Ни одну свою книгу для детей Маяковский не отдал частному издательству, хотя это, по тогдашним законоустановлениям, не было запретно для него, не состоявшего формально в коммунистической партии. Социалистический поэт, он не желал иметь ничего общего с порождениями НЭПа, с частным предпринимательством, с капиталистическим сектором. Маяковский безусловно предпочел «мой рабочий кооператив». В этом вопросе он придерживался того же ригористического принципа, что и в своих стихах. При желании можно усмотреть некий символ в том, что сказка о пролетарском сыне и лопнувшем нэпмане вышла в кооперативном издательстве «Московский рабочий». Симин папа — рабочий с молотом в руках — оказался на рисунках к первому изданию двойником рабочего с молотом на издательской марке.

Большая удача для поэта — найти в художнике своей книги не просто мастера, но единомышленника. Такая удача досталась Маяковскому: за работу над сказкой о Пете и Симе взялся Н. Купреянов, художник, близкий поэту пафосом непрерывного поиска, направлением этого поиска и от младых ногтей влюбленный в Маяковского. Ровесник поэта, Купреянов, как и многие люди его поколения, был пропитан Маяковским: у Маяковского можно было найти точное и выразительное слово на любой случай.

Отношение к искусству? «Не „втиснуть в огрубелое ухо нежное слово“», — объясняет Купреянов в письме (1919) и добавляет в скобках: «из Маяковского»[129].

Музейная работа? «Мертвецкое дело, мертвецкие интересы. А я слишком „жив“, и „гвоздь у меня в сапоге кошмарней, чем фантазия у Гёте“ — по слову Маяковского»[130].

Самочувствие? «Художественное самочувствие тех лет (начало 1920-х годов. — М. П.) определялось строками Маяковского»[131], — сообщает Купреянов в автобиографической заметке.
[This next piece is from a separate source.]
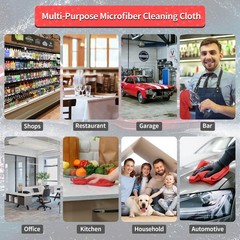 HOMERHYME Shop Towels Rags, 100 Pack Microfiber Cleaning Cloth 100 Pack, Red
Работа художника? «Вообще, отношу на свой счет стихи Маяковского:

Поэзия — та же добыча радия.В грамм добыча, в год труды.Изводишь единого слова радиТысячи тонн словесной руды…»[132]

заявляет Купреянов в письме 1926 года. В самый канун работы над сказкой о Пете и Симе (а может быть, одновременно с этой работой) Купреянов ответил на анкету Государственной академии художественных наук развернутой декларацией, близость которой к эстетическим взглядам Маяковского не подлежит сомнению.

Для художника, однако, не было тайной противоречие между теоретическими крайностями ЛЕФа и поэтической практикой Маяковского: «Чувствовал интерес и симпатии к ЛЕФу. Хотя мне казалось обидным, что художникам эта программа разрешила заниматься только пустяками, в то время как Маяковскому можно было писать „Про это“, но видимость ясности в постановке вопроса и взаимоотношениях искусства и жизни подкупала, и это было существеннее частных вопросов цеха ИЗО»[133]. Догматиком Купреянов не был ни в коем случае: возникавшую коллизию он решал для себя, выбирая живого Маяковского, а не теории, привлекательные кажущейся ясностью, но обрекавшие художника «заниматься только пустяками».

Отношение Купреянова к искусству было истово серьезным, резал ли он гравюру на дереве, размалевывал ли плакаты РОСТА, сопровождал ли шаржами стихи Маяковского в сатирических журналах или рисовал с натуры на каспийских промыслах. Речь идет не о безулыбчивой угрюмости — сюжеты и образы художника могли быть мгновенно карикатурными или плакатно-сатирическими, — серьезным у Купреянова всегда было отношение к художественной задаче.